As a pilot study on the evaluation of the QS molecules as biomarkers of infection, the developed ELISAs were implemented for the measurement of the mentioned QS molecules in culture broth samples from clinical isolates with different infection types and/or severity. In the case of P. aeruginosa, the assays allowed to stratify patients with distinct severity of infection (acute/chronic) relying on the amount of all three measured quinolones produced by the clinical isolates at 8h of growth. It is noteworthy that these molecules have different biological roles at signalling or physiological level and their concentration in clinical samples might be relevant for understanding the pathogenesis of a P. aeruginosa. Regarding S. aureus, the assay was able to measure AIP-IV produced by agr-IV type strains and different production profiles were observed, nonetheless a higher number of clinical isolates would have to be measured in order to obtain adequate conclusions.

El objetivo final de la tesis fue mejorar el diagnóstico de infecciones causadas por P. aeruginosa y S. aureus mediante una mejor comprensión del proceso de comunicación bacteriana conocido como Quorum Sensing (QS) y su implicación en la patogénesis. Para ello, este objetivo se basó en el desarrollo de métodos inmunoquímicos para evaluar la expresión de diferentes moléculas de señalización QS, como herramientas para investigar los mecanismos implicados en la patogénesis de S. aureus y P. aeruginosa. Del mismo modo, se evaluó en estudios piloto el papel potencial de estas moléculas como biomarcadores de infección.

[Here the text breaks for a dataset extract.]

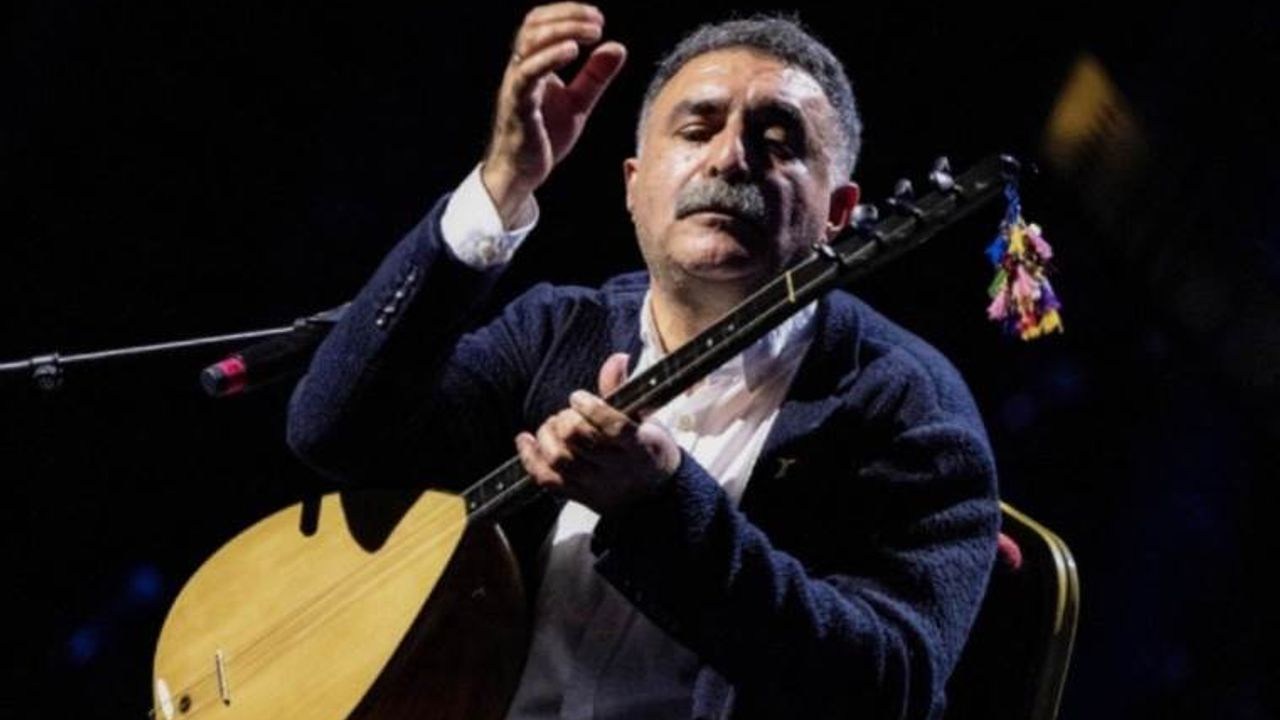 Sanatçı Erdal Erzincan isyan etti! Olay ‘5’li çete’ açıklaması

La tesis se dividió en dos apartados principales: herramientas inmunoquímicas para la determinación de moléculas de P. aeruginosa QS como biomarcadores de infección y, por otro lado, herramientas inmunoquímicas para la evaluación de moléculas del QS de S. aureus. Estas secciones están precedidas de capítulos introductorios basados en una revisión bibliográfica sobre el sistema de QS y su detección en ambos patógenos. En los capítulos experimentales se explica: Primero, el diseño y síntesis de haptenos para las moléculas, no inmunogénicas, del QS producidas por P. aeruginosa (2-heptil-4-quinolona (HHQ), 2-heptil-3-hidroxi-(1H)-4-quinolona (PQS) y 2-heptil-4-hidroxiquinolina N-óxido (HQNO)) y S. aureus (AIP-I a IV). En segundo lugar, la síntesis y generación de bioconjugados de anticuerpos policlonales específicos contra las moléculas QS de las dos bacterias patógenas antes mencionadas. En tercer lugar, el desarrollo de herramientas de análisis inmunoquímico para la cuantificación de estas moléculas de QS bacterianas. Posteriormente, se realizaron estudios preliminares sobre el valor potencial de moléculas QS seleccionadas como biomarcadores de infección utilizando las herramientas de análisis inmunoquímico desarrolladas.